:: INFORMATION SUPPLIED

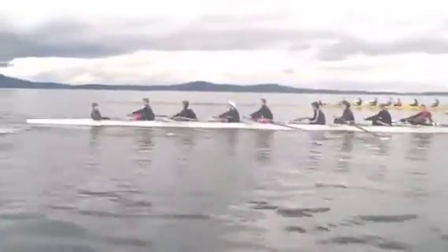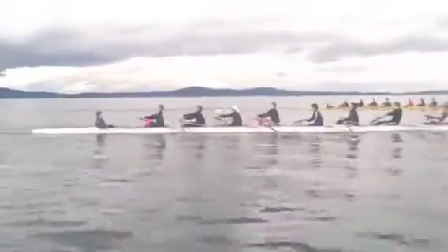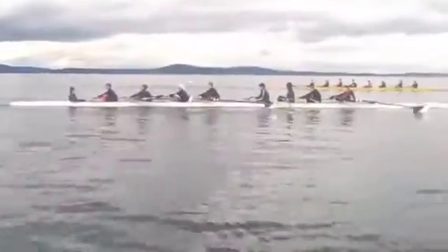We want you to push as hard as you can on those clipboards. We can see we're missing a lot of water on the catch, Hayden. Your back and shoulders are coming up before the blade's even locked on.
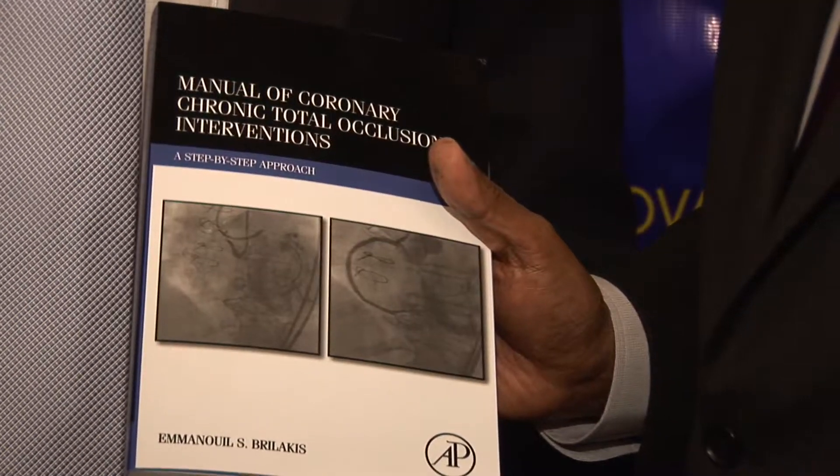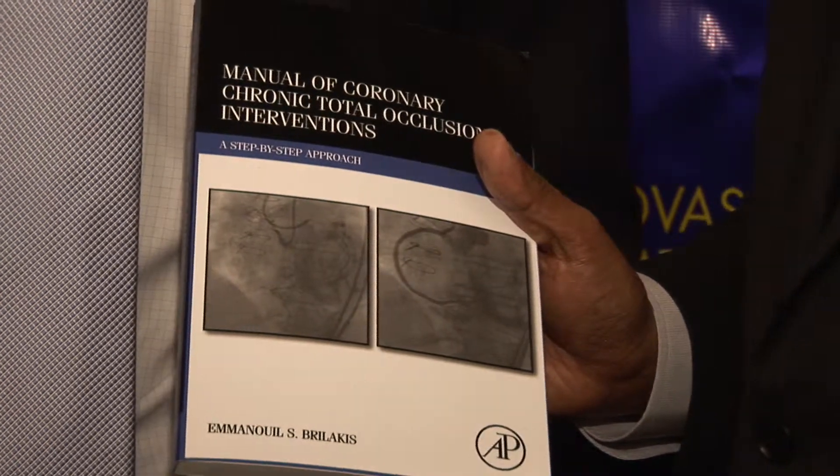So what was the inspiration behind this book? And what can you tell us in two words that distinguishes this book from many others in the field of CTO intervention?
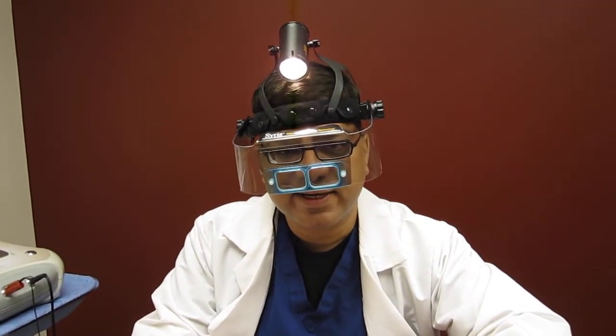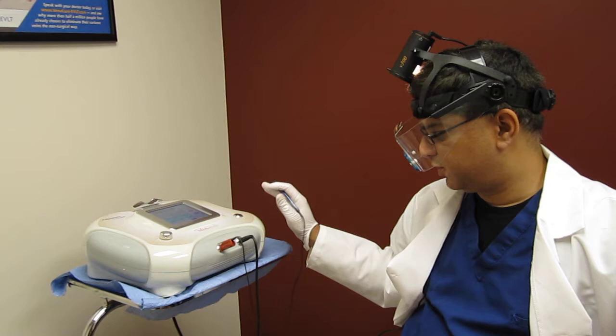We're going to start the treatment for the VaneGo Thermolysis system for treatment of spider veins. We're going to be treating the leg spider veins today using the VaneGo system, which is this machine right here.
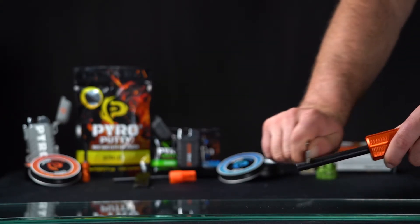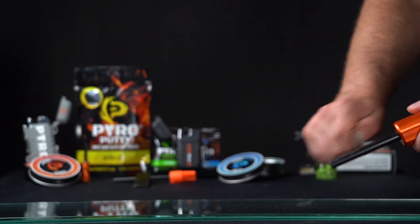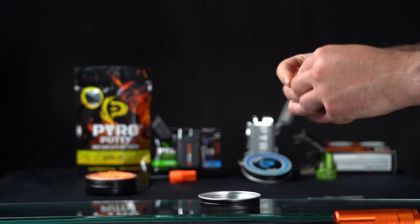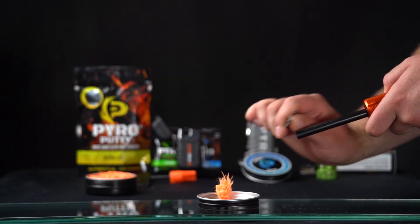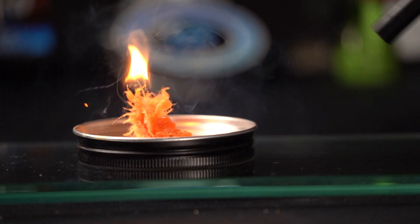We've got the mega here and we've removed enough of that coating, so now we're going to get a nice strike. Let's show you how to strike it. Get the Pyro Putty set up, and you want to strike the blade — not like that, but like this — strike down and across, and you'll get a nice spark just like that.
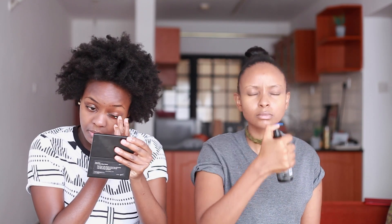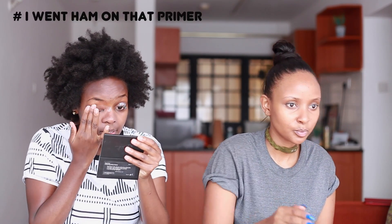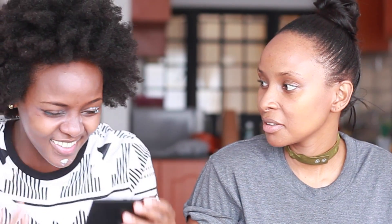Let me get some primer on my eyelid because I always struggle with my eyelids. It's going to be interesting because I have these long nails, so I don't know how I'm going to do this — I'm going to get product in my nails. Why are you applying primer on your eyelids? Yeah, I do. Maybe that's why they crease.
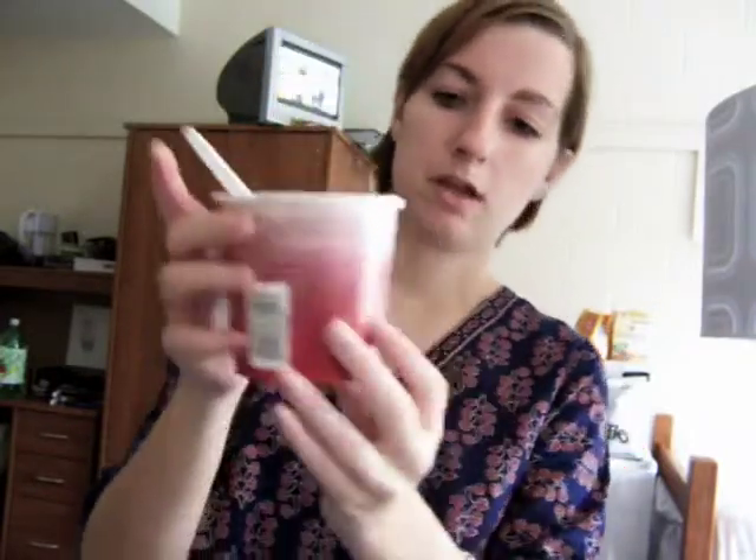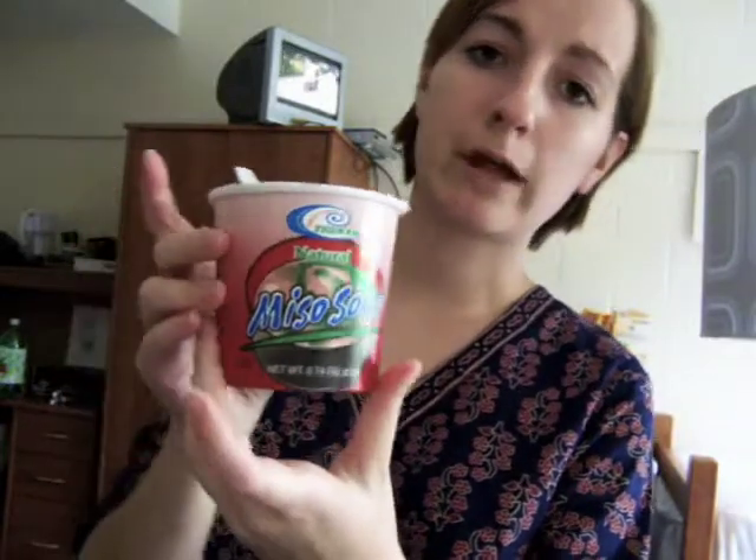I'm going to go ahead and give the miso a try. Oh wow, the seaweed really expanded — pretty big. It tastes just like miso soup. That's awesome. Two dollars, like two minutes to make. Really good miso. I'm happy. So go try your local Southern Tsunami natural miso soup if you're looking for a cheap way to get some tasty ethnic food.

::::

Write out again every line above exactly as given; the pictures do not belong in the copy.

FINAL ANSWER
We want you to push as hard as you can on those clipboards. We can see we're missing a lot of water on the catch, Hayden. Your back and shoulders are coming up before the blade's even locked on.
So what was the inspiration behind this book? And what can you tell us in two words that distinguishes this book from many others in the field of CTO intervention?
We're going to start the treatment for the VaneGo Thermolysis system for treatment of spider veins. We're going to be treating the leg spider veins today using the VaneGo system, which is this machine right here.
We've got the mega here and we've removed enough of that coating, so now we're going to get a nice strike. Let's show you how to strike it. Get the Pyro Putty set up, and you want to strike the blade — not like that, but like this — strike down and across, and you'll get a nice spark just like that.
Let me get some primer on my eyelid because I always struggle with my eyelids. It's going to be interesting because I have these long nails, so I don't know how I'm going to do this — I'm going to get product in my nails. Why are you applying primer on your eyelids? Yeah, I do. Maybe that's why they crease.
I'm going to go ahead and give the miso a try. Oh wow, the seaweed really expanded — pretty big. It tastes just like miso soup. That's awesome. Two dollars, like two minutes to make. Really good miso. I'm happy. So go try your local Southern Tsunami natural miso soup if you're looking for a cheap way to get some tasty ethnic food.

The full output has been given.